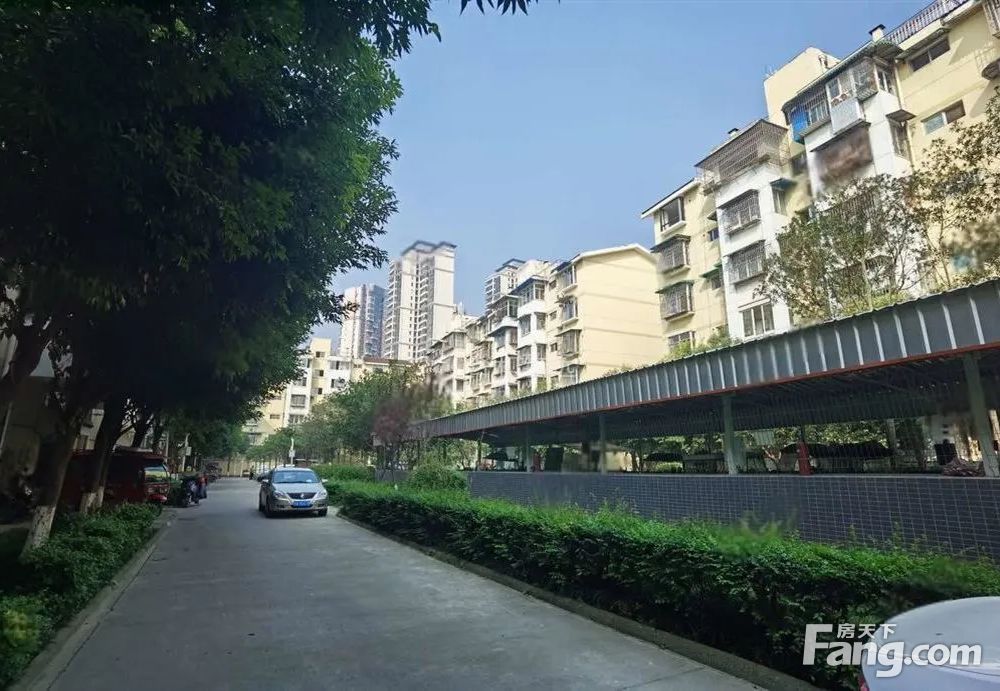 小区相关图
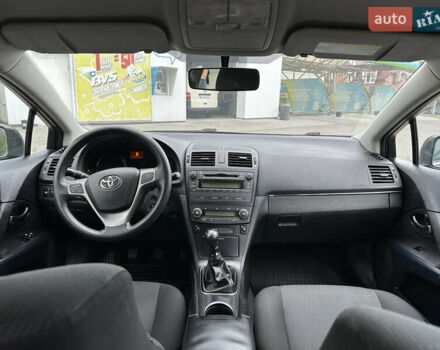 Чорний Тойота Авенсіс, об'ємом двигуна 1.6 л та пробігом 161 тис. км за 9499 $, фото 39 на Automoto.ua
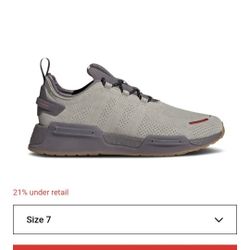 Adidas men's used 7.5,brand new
==
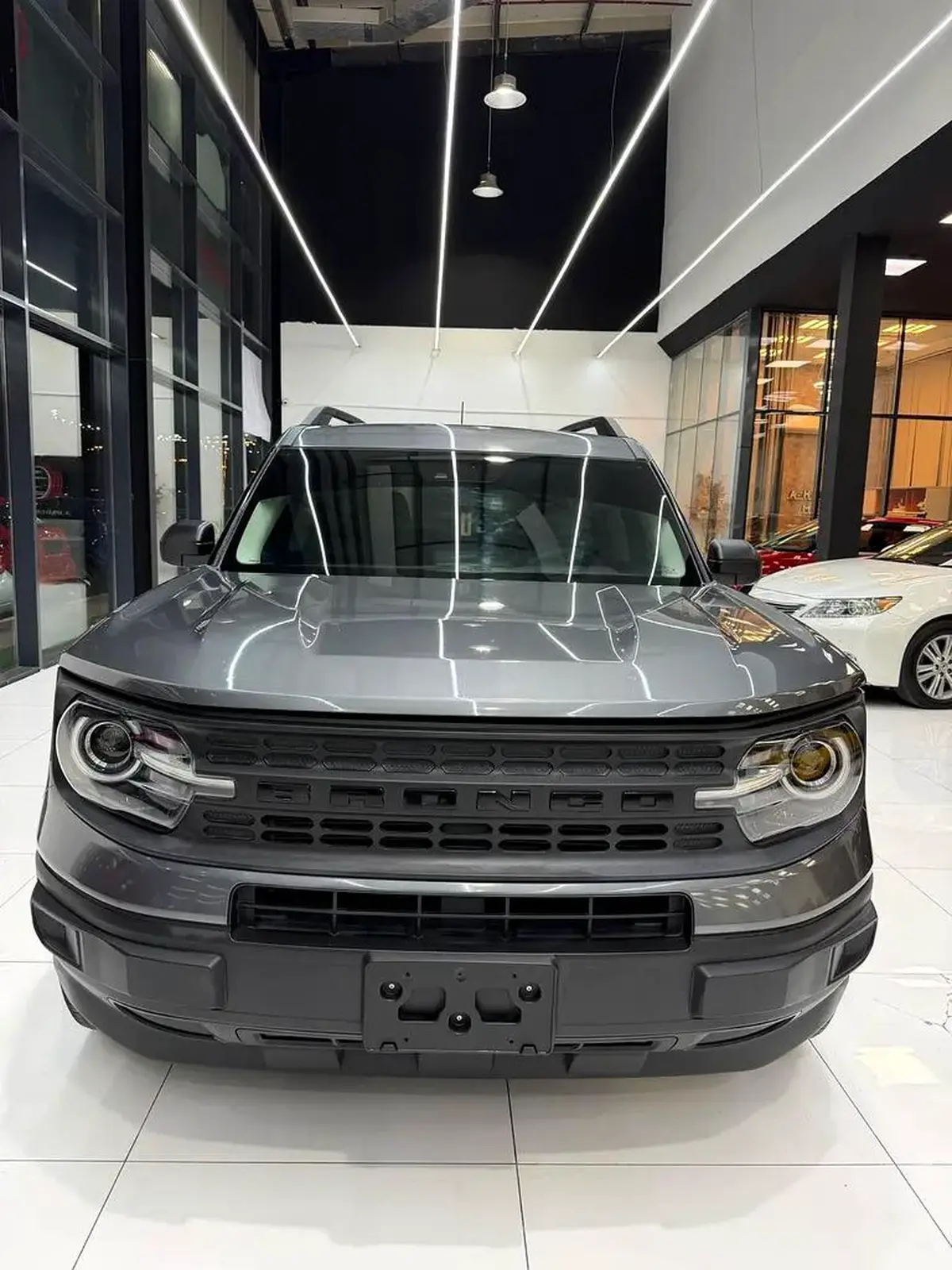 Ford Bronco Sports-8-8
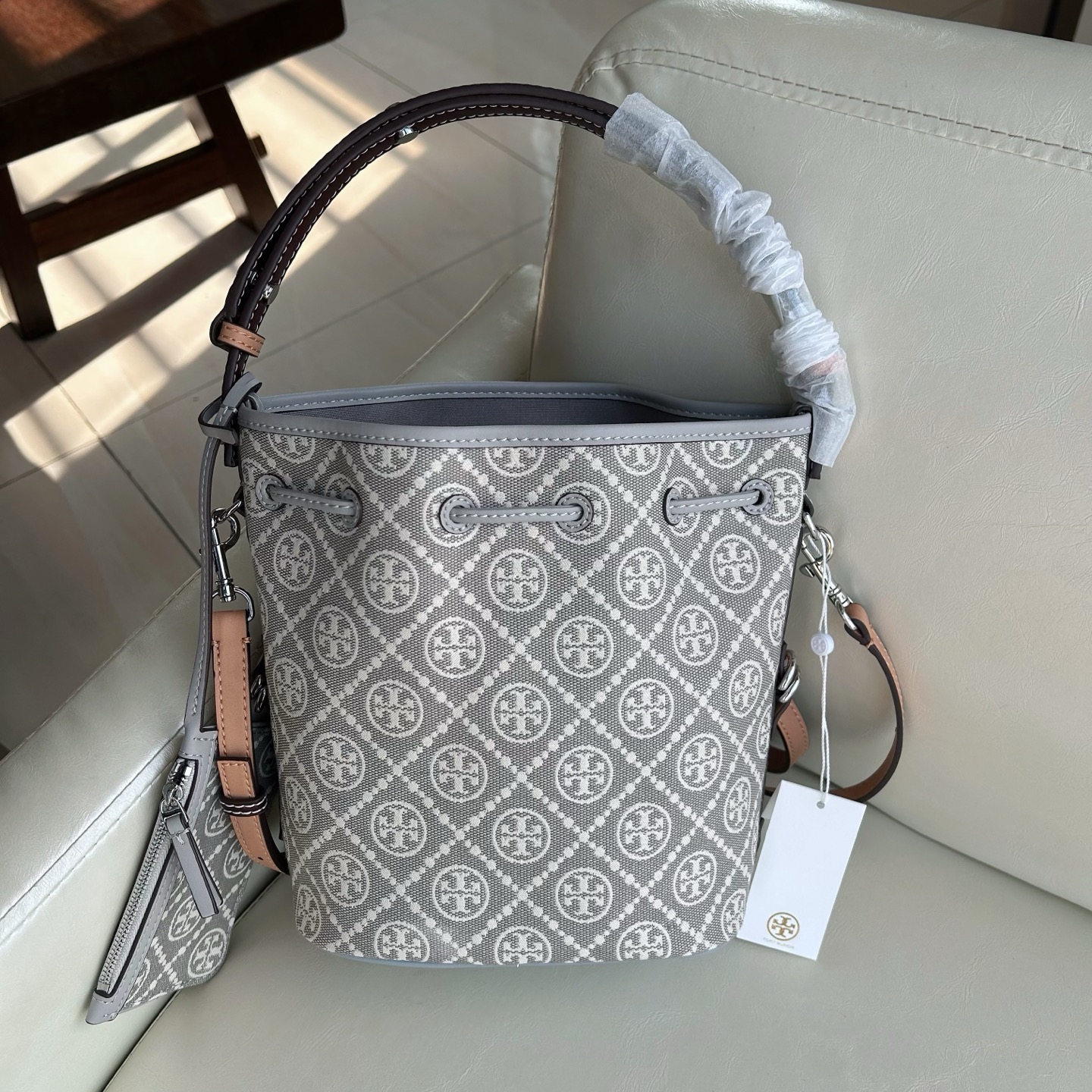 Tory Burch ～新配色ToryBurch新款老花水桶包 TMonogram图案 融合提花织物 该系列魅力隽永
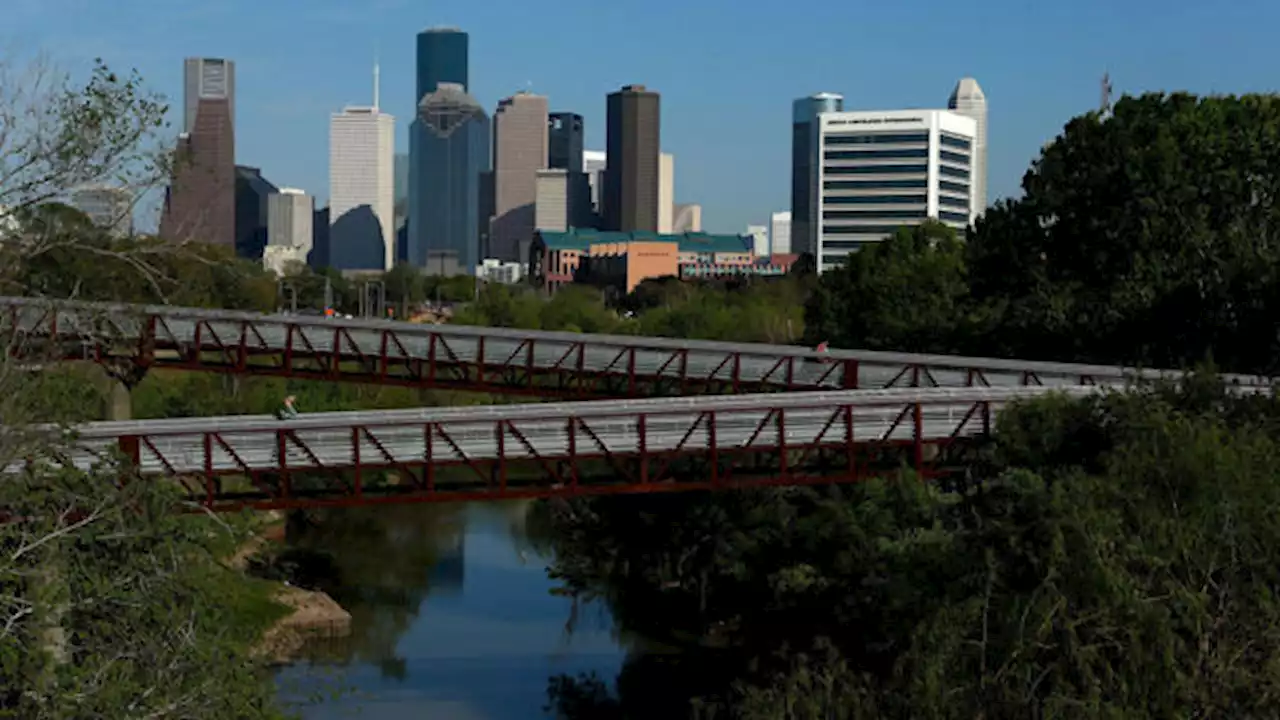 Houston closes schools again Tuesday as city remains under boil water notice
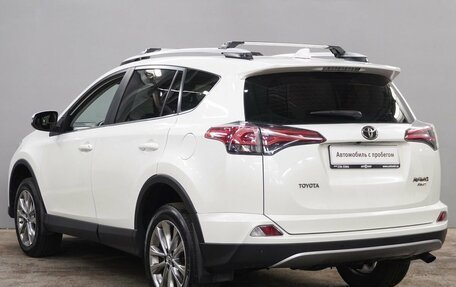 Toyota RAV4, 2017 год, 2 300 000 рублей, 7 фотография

▶ WHAT THE TASK ASKS
From the listing above, restate verbatim the lines running from the one with "Tory Burch ～新配色ToryBurch新款老花水桶包" through the one with "Toyota RAV4, 2017", inclusive, but not the pictures.

▶ REPLY TO THE TASK
 Tory Burch ～新配色ToryBurch新款老花水桶包 TMonogram图案 融合提花织物 该系列魅力隽永
 Houston closes schools again Tuesday as city remains under boil water notice
 Toyota RAV4, 2017 год, 2 300 000 рублей, 7 фотография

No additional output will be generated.